If this is done properly it means you could make generic motherboards, and generic memory controllers, and all sorts of different accelerators and mix and match them from various vendors. So its no surprise that the smaller players in the market and trying to gang together and the larger player is trying to keep lock-in.

Knights Landing as it stands would already integrate in systems better if it were using an inter-cpu bus than a peripheral bus as well as GPUs, FPGAs, and certainly RDMA/memory window systems like Mellanox.

Inherent distrust of standards aside, this could be a great win for people putting together bespoke systems in interesting configurations (i.e.

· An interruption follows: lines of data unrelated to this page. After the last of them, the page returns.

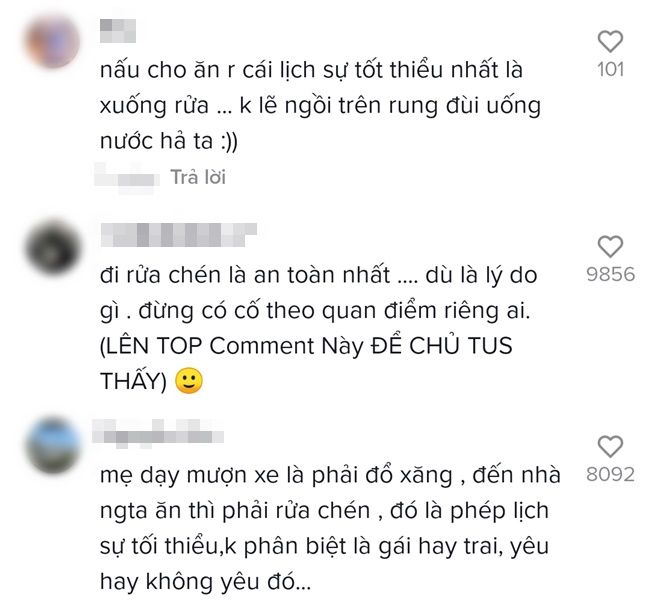 Cô gái khẳng định không rửa bát khi về ra mắt: Đâu phải mỗi mình ăn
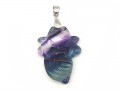 Fluorite Nine-Tailed Fox Pendant for Infidelity Protection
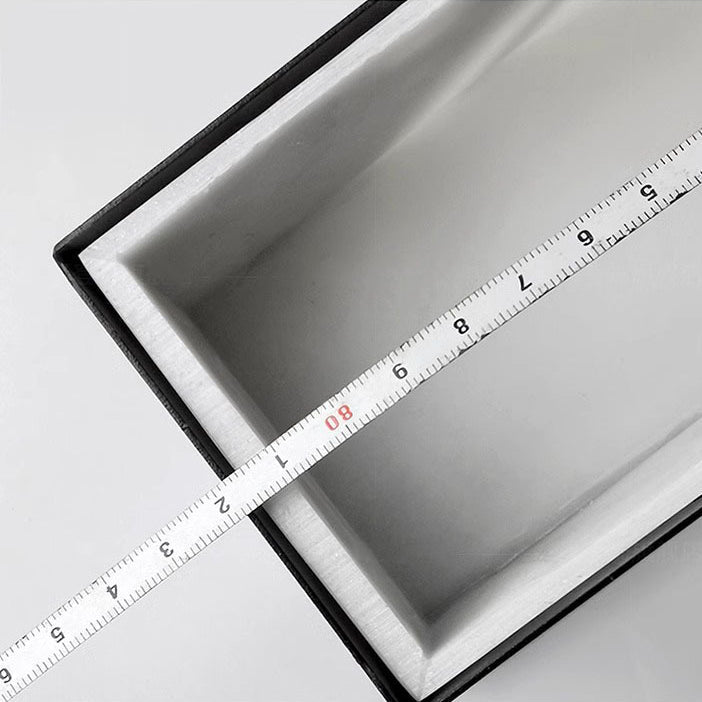 Modern Minimalist Waterproof Rectangle Long Stainless Steel Resin LED Outdoor Wall Sconce Lamp For Outdoor Patio Cuvalon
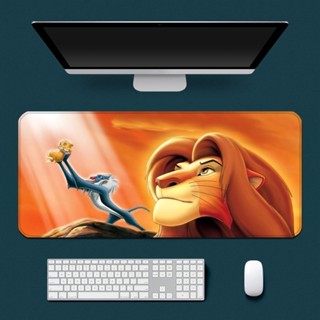 The Lion King Simba แผ่นรองเมาส์ กันลื่น พิมพ์ลาย HD Xxl90X40 ซม. สําหรับคอมพิวเตอร์ตั้งโต๊ะ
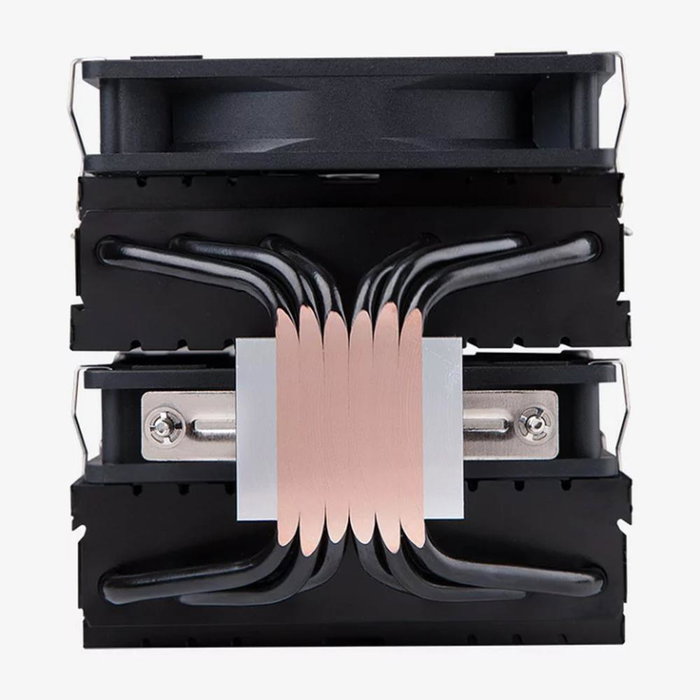 Hiditec C20 Pro Ventilateur Dissipateur CPU Double Tour 120mm PWM Noir Silencieux 31dB Compatible AM5 LGA1700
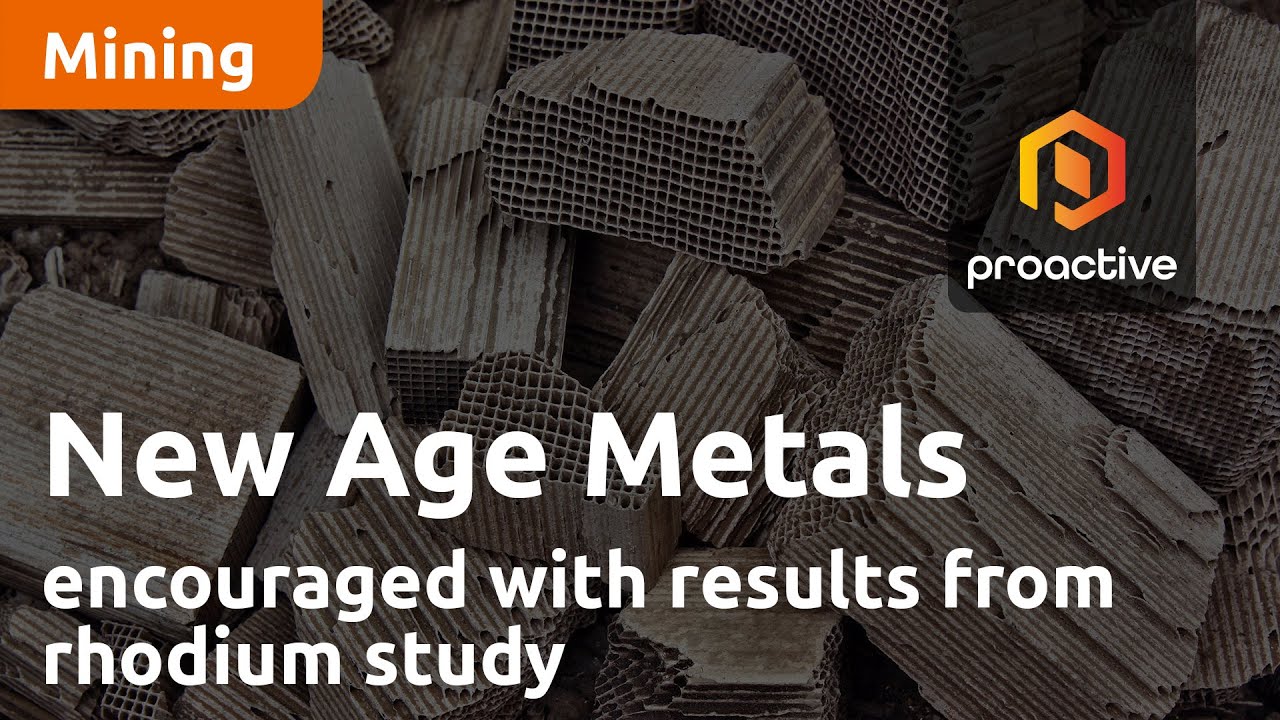 New Age Metals says it is encouraged with results from rhodium study at River Valley project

Google), I don't think there is any downside in theory for Intel except more competition.

gpderetta · on Oct 14, 2016

There are KNL variants that sit on a cpu socket and talk to the rest of the system via QPI.

convolvatron · on Oct 15, 2016

I haven't caught up with the latest phi releases, but I'm really interested to do so. I haven't been able to find any discussion about a coherent QPI on KNL, but have found reference to OmniPath, which looks like a non-coherent large scale memory network. Is that what you were thinking of, or maybe could you post a reference?

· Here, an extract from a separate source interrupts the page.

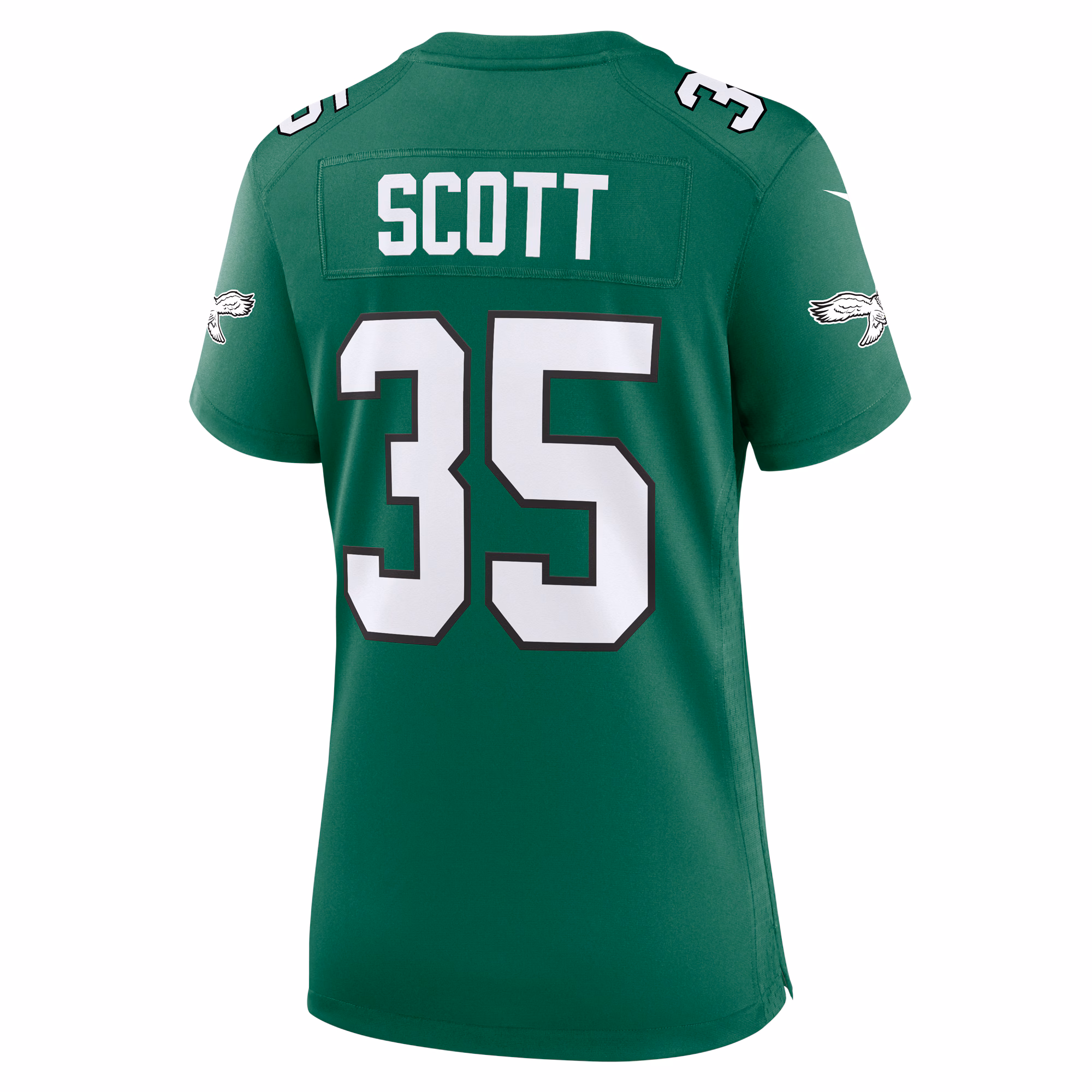 Boston Scott Philadelphia Eagles Women#s Alternate Game Jersey - Kelly Green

gpderetta · on Oct 16, 2016

You are right, I was misremembering. The socketed KNL does not have QPI at all, so no multisocket boards are possible. Still the socketed KNL doesn't hang-off the PCI bus as it is its own host processor and has a dedicated link with memory.

Omnipath is used to drive both the Ethernet and PCIe.

samfisher83 · on Oct 14, 2016

No Intel ? Without them joining on board this might not be as useful.

angry_octet · on Oct 14, 2016

It is precisely because Intel has developed its own next generation buses, and is licencing them very restrictively, that CAPI exists. Intel has QPI (Quickpath) for internal and Omnipath for external.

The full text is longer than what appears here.